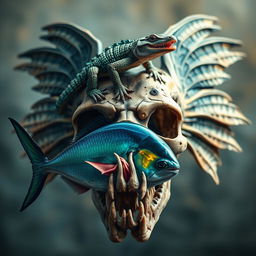 A fantastical, visually striking skull with four majestic wings, each wing uniquely designed with intricate patterns and textures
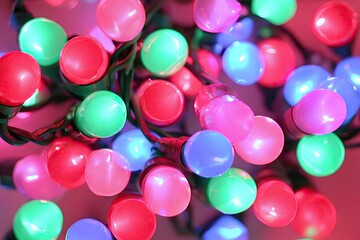 Close-up of vibrant Christmas lights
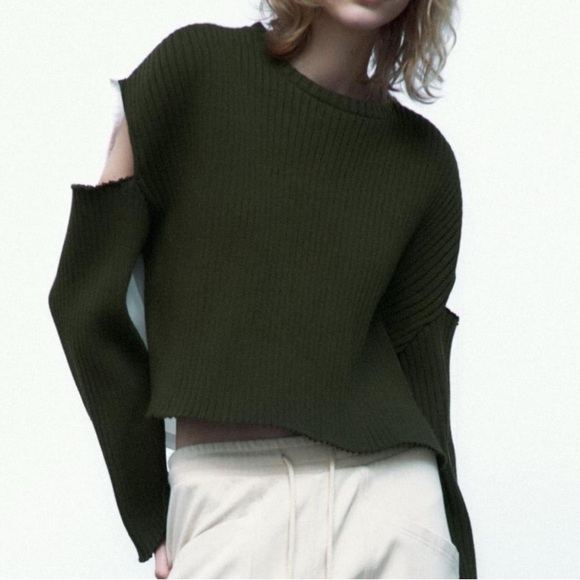 Zara Sweater Slouchy Ribbed Knit Cotton Cut Out Army Green Military M - Picture 2 of 11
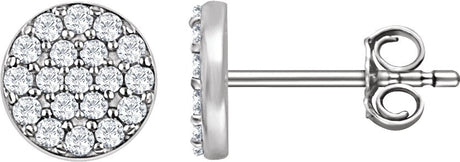 14K Gold Round Natural Diamond Cluster Earrings II - White Gold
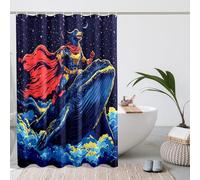 Cortina de ducha de perro superhéroe, cortinas de aventura de ballena azul cósmica para decoración de baño, juego de cortina de ducha de tela impermeable con ganchos, 72 x 72 pulgadas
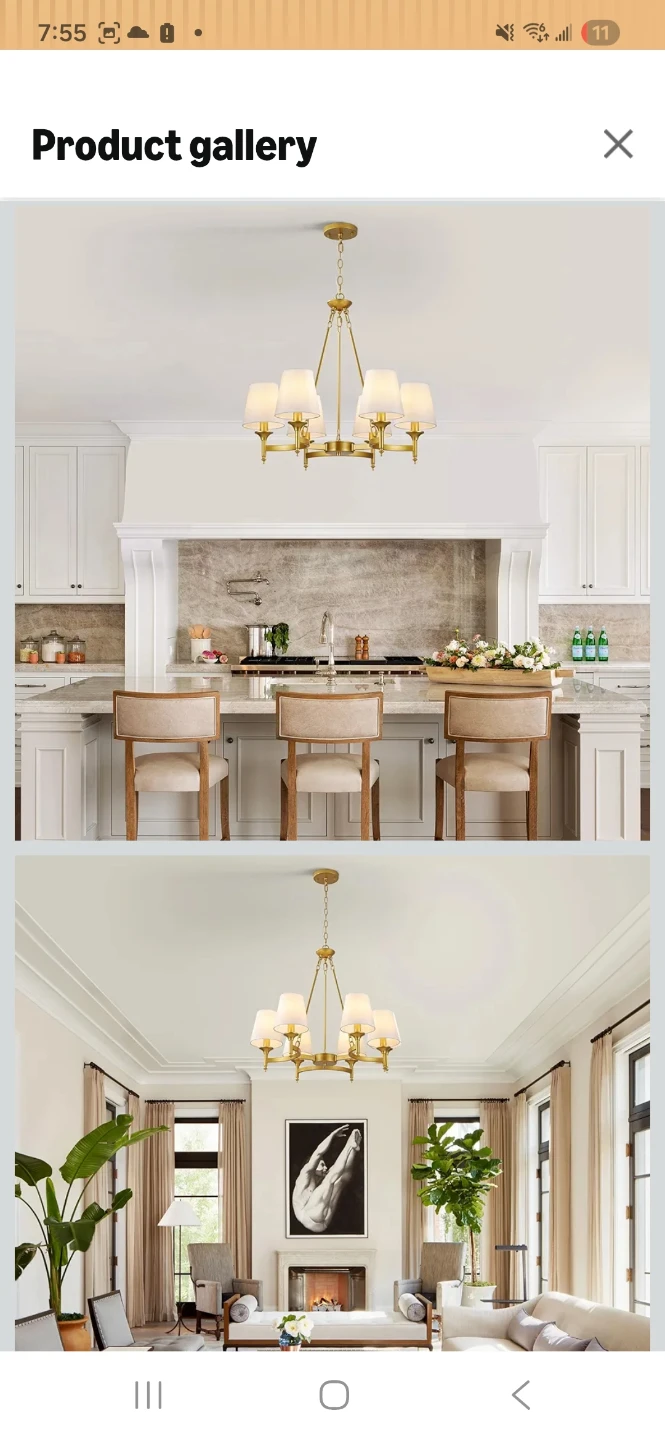 Brass 6-Light Chandelier with White Shades - photo 3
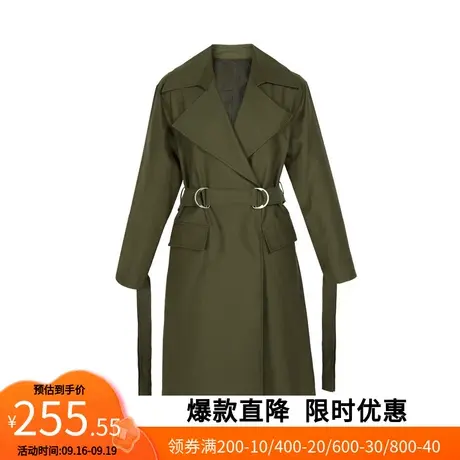 【艾格】2023春季新款女装简约单色固定腰带收腰宽松风衣外套官方图片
◇ ◇ ◇ ◇ ◇
## Task statement
Look through the listing above for the line with "14K Gold Round" and the line with "Brass 6-Light Chandelier". Write out exactly those lines and everything between, leaving out pictures.

## Answer box
 14K Gold Round Natural Diamond Cluster Earrings II - White Gold
 Cortina de ducha de perro superhéroe, cortinas de aventura de ballena azul cósmica para decoración de baño, juego de cortina de ducha de tela impermeable con ganchos, 72 x 72 pulgadas
 Brass 6-Light Chandelier with White Shades - photo 3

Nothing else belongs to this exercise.